Liz Muirhead: When AFEM formed five years ago and was starting to lobby all the PROs and talk to venues, there was this initial fear from the venues, and also the idea of protecting the DJs, asking questions like, "Where does my audio end up? You're going to come into my club, you're going to record the audio, I don't know who you are, I've never heard of your company before." BMAT is well-known among the PROs around the world but unless you're in that world, you're not supposed to know who we are, so it was completely understandable. With the sound recordings, all of them are deleted after a certain period of time depending on how long the PROs need them.

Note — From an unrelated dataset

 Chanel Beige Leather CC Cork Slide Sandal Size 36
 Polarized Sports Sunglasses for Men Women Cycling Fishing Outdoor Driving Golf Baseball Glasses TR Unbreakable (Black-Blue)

Then we got past that and we started to build up networks of venues. [Lluís Torrents], the general director of Razzmatazz, he did an interview that appears on our blog. His point of view is, "If I'm paying a licence, I want to know who that's paid out to." If you're speaking to someone who's innovative, gets technology and enjoys it, and also has that musical connection, which they should if they play music in their venue, then you can start to bond with them in a new way. What I would love is for everyone to share the same point of view with the Razzmatazz general director, which I think is happening more and more.
In the last four months we've had venue associations, we've had chart companies, we've had producers contacting us direct and asking for installations. We've actually set up a venues referral scheme, so if people actually want to refer to us a venue, we'll actually pay them €100. If they actually want to install the device, we will actually pay them another €100 as well.
You feel like perhaps there's kind of a sea change happening? Where people are hearing about this thing before it's actually pitched to them and then maybe more aware of why it might be a good idea and then kind of seeking it out.
Liz Muirhead: Yeah, rather than being in the dark about it and rather than having the normal complaints about the PROs, which still exists and I completely understand, I think that people now get it more. They are aware of the solutions that are out there and so now they're taking control and taking responsibility, and trying to push things, which I think is brilliant.